How can an automated system find such a plan? Fig. 1 illustrates the typical workflow of an auto-parallel system. The system first reduces the search space for model splitting using pruning techniques. Next, a search algorithm is employed to generate one or more candidate plans for evaluation. Finally, a cost model evaluates all candidate plans and selects the one with the lowest cost based on predefined evaluation criteria.



Fig. 1. General recipe of automatic model parallelism frameworks.

The end-to-end duration to produce an optimal schedule is a critical metric for an auto-parallel system. We identify three primary factors that contribute to the overall completion time: the size of the search space, the time complexity of the searching algorithm, and the speed of the evaluation method.

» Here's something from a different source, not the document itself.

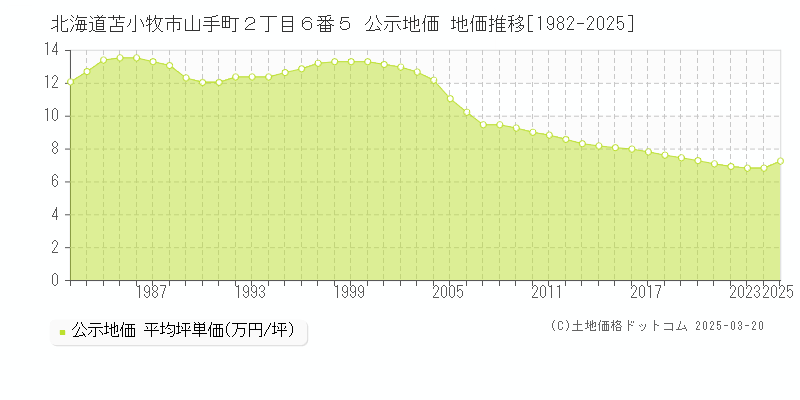 北海道苫小牧市山手町２丁目６番５ 公示地価 地価推移[1982-2025]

#### B. Challenges and Observations

As mentioned earlier, a major challenge faced by autoparallel systems is the search space explosion problem. This exponential increase in candidate space has led to impractical search time for modern large models [28] (§ V-B). This creates a dilemma: while auto-parallel systems aim to accelerate large model training, if *the derivation step itself* is too slow, it may offset the benefit of using an auto-parallel system.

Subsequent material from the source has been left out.